Les démocraties modernes, en ce qui concerne le droit, font référence à la Raison comme principe. Le principe de Raison est étroitement lié à la modernité dont il représente l'assise fictionnelle. Reconnaître que la raison est une fiction ne relève pas d'un angélisme incantatoire à l'adresse de ceux qui rêvent d'un homme raisonnable comme horizon de l'humanité. Ce n'est que la reconnaissance d'une certaine filiation historique qui a orienté la nécessité du maintien des conflits dans les démocraties vers des espaces de contradiction encadrés un peu différemment que cela l'eût été dans des systèmes plus contractuels. Pour le dire autrement : la Raison comme fiction n'est-elle le « butin de guerre » à prendre en considération dans la montée en puissance de l'avènement des économies « d'une Loi du marché » qui ont déplacé, à l'origine, la figure « du sujet de la conscience universelle » vers la figure du « propriétaire »? « Butin de guerre » dont la démocratie comme interrogation représenterait pour notre époque un montage où il serait encore possible d'interroger ce déplacement ? Pour reprendre ce que dit Karl Marx dans l'Idéologie allemande : « Etant donné que l'État est la forme par laquelle les individus d'une classe dominante font valoir leurs intérêts communs, la forme dans laquelle l'ensemble de la société civile d'une époque se résume, il s'ensuit que toutes les institutions communes sont médiatisées par l'État, reçoivent une forme politique.
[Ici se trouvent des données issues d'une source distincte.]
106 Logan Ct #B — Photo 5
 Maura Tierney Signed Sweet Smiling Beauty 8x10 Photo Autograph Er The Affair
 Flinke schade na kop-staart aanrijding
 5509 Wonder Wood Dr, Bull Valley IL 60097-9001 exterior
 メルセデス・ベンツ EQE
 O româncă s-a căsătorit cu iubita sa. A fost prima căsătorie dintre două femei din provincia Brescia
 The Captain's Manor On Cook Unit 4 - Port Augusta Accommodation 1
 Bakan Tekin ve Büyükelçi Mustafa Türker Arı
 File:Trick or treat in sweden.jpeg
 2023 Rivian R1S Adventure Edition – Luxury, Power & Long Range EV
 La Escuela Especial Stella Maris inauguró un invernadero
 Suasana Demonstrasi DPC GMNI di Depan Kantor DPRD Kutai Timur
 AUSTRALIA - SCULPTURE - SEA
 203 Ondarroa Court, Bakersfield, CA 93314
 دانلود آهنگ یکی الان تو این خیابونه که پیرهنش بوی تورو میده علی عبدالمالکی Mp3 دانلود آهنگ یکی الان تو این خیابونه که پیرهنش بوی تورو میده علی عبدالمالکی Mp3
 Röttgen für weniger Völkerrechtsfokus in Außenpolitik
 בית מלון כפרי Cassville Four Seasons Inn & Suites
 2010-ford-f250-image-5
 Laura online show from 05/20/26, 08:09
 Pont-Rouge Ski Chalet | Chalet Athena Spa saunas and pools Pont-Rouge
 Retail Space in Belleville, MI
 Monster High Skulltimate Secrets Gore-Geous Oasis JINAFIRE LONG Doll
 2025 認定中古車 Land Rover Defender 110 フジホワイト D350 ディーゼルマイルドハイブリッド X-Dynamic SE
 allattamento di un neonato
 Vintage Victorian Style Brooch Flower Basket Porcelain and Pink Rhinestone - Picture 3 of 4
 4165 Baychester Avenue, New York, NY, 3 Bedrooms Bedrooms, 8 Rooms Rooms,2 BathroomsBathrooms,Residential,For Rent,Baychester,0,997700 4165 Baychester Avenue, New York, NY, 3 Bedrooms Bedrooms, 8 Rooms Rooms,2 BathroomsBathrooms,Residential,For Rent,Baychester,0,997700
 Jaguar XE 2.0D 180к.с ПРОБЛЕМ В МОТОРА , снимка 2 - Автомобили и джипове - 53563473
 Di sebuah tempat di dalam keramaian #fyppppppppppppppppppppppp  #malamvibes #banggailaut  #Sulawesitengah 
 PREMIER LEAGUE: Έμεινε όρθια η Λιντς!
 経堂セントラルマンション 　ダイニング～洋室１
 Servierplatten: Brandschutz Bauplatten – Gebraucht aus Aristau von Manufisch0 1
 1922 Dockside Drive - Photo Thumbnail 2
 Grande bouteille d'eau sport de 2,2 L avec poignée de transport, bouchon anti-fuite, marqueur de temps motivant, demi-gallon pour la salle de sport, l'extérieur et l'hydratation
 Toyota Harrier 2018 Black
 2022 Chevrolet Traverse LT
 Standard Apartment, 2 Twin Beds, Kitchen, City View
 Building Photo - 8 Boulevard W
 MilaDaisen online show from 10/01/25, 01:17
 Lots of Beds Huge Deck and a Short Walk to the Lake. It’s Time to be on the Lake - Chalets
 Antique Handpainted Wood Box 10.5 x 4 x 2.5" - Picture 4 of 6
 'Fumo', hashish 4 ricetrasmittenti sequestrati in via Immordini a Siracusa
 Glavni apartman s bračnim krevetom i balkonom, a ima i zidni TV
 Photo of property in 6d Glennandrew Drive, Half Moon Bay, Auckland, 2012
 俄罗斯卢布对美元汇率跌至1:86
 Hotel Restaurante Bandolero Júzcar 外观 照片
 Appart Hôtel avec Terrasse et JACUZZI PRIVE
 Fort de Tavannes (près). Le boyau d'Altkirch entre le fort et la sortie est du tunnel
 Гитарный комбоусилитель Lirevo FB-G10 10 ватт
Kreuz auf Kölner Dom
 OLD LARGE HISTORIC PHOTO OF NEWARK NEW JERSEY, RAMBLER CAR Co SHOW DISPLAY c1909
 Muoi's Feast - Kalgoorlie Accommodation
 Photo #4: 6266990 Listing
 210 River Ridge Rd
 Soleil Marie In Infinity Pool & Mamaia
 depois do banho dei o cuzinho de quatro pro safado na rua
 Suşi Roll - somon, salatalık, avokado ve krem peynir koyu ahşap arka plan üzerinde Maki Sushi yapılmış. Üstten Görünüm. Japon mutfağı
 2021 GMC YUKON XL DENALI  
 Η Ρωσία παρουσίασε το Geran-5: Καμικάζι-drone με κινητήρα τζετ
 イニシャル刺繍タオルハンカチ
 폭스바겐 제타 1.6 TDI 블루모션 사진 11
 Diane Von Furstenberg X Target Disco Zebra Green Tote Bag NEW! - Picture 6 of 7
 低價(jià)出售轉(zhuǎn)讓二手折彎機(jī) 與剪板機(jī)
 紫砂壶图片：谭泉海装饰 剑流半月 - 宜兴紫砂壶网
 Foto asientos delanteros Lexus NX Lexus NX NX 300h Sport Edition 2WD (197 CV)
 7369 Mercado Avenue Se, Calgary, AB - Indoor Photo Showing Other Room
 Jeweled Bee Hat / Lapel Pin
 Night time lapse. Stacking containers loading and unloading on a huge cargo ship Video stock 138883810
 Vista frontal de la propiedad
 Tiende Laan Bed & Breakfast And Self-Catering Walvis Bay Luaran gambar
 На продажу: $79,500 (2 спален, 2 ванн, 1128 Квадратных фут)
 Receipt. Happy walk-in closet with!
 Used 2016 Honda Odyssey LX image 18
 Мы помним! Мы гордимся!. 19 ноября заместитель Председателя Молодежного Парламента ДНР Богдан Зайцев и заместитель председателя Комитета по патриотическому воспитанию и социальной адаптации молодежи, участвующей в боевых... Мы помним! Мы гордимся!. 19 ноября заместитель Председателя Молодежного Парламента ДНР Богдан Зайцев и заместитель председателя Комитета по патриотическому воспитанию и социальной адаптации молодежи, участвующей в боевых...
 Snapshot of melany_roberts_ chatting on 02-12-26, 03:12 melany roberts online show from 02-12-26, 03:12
D'où l'illusion que la loi repose sur la volonté, plus exactement sur la volonté libre, détachée de sa base réelle. De même alors, le droit est réduit de nouveau à la loi. » Il n'en reste pas moins qu'à l'intérieur de ce constat, les espaces de liberté dans la vie quotidienne prendraient des colorations tout à fait différentes si d'aventure le mouvement qui a conduit entre autres à la rétention de sûreté prenait le dessus sur la Raison comme fiction pour la transformer en Raison comme norme. Nous ne faisons ici qu'effleurer le débat de la question de l'Etat dans les rapports qu'il entretient avec ses propres justifications pour nous situer au plus près des effets politiques de ce qui apparait être une modification qui toucherait à l'esprit des modalités des formes de recours du vivre ensemble.
Qui plus est, nous ne pouvons faire fi d'un mouvement porteur de nos démocraties qui vise à une humanisation des peines. Peut-être est-il bon de se souvenir de l'évolution de la justice des enfants, des conditions monstrueuses de la réclusion des plus jeunes, enfermés avec les adultes, un peu plus tard dans les prisons pour femmes, des maisons de correction où ils pouvaient être conduits par le simple fait du pater familias, de la révolte des enfants de Belle-Île-en-Mer pour laquelle Jacques Prévert, témoin malgré lui, devait écrire son poème « La chasse à l'enfant ». C'est de cela aussi dont nous devons garder le devoir de mémoire sous risque d'y faire retour, comme si l'histoire ne nous avait rien appris.
À cela il faut ajouter : nul n'est censé ignorer la loi sauf les personnes atteintes de folie au moment de l'acte. La Raison pour exister doit trouver sa négation, plus précisément le domaine de la raison ne pouvant se définir en totalité positivement, c'est à sa négation d'en cerner les limites. Dans le code napoléonien de 1810, l'article 64 stipule : « Il n'y a ni crime ni délit, lorsque le prévenu était en état de démence au temps de l'action, ou lorsqu'il a été contraint par une force à laquelle il n'a pu résister » (le nouveau code pénal art. 122-1 122-2 fait la différence entre abolir son discernement et entraver son discernement). Le Fou dans son acte de folie ne saurait être tenu pour un auteur justiciable pénalement de son acte. Cela donne lieu à débats. Le juge du fond reste souverain devant les affirmations de la science. Par exemple, la jurisprudence dominante se refuse à voir dans l'ivresse une cause légale d'exemptions de peine : même si la personne a perdu tout contrôle d'elle-même, elle ne relève de l'article 64 que dans des circonstances exceptionnelles. Un autre commentaire avance que : « La démence n'est pas reconnue comme une excuse légale, elle est nécessairement comprise dans la question intentionnelle et par suite dans la question relative à la culpabilité... ». Pourquoi ce rappel ici ? Pour bien saisir la mise en scène de la communauté d'égalité en droit qui octroie à ses membres une impossibilité d'ignorer l'esprit de la loi, ce qui en même temps renforce leur constitution d'êtres raisonnables. L'égalité devant le droit est discutée en tant qu'application non pas à une personne quelconque mais à cette personne-là. Cela n'est possible qu'à la condition qu'elle soit l'auteur d'un acte, sans acte imputé pas de saisie. Se saisir d'une personne sans qu'un acte qualifié « démocratiquement » ait été réalisé nous renverrait à une des figures du pouvoir despotique.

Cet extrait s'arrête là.